Exploring Quantum Transport and Magnetic State Evolution in RAlSi (R = Ce, Pr, Nd, Sm, Gd) Weyl Semimetals

Weyl semimetals have become a central topic in condensed matter physics due to their topological properties and potential for advanced electronic applications . The unique band structures in these materials lead to notable magnetotransport phenomena, including linear, non-saturating magnetoresistance, Shubnikov–de Haas (SdH) oscillations, the topological Hall effect (THE), and weak antilocalization (WAL). Recent work on RAlSi compounds (R = Ce, Pr, Nd, Sm, Gd) identifies them as type-II Weyl semimetals, offering a valuable platform for studying topological states and transport properties in rare-earth systems.

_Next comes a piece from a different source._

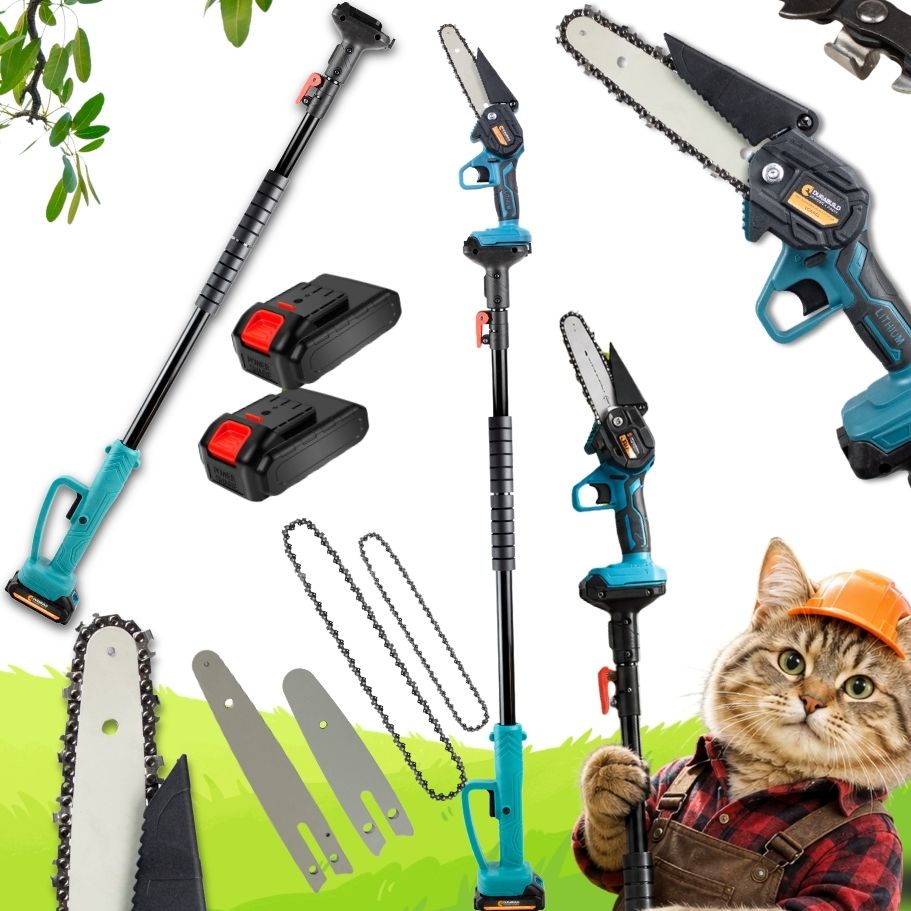 BATTERY OPERATED SAW WITH TELESCOPIC BOOM SUPER GARDEN TREE KIT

This presentation will compare the RAlSi series, focusing on how magnetic ordering—from ferromagnetic CeAlSi to antiferromagnetic GdAlSi—affects magnetotransport behavior and Fermi surface features. We will discuss the role of Weyl nodes in driving SdH oscillations and their variation with temperature and magnetic field, as well as the connection between SdH frequencies and distinct Weyl nodes. The findings highlight the impact of magnetic order and Weyl fermion dynamics on topological transport in rare-earth-based Weyl semimetals.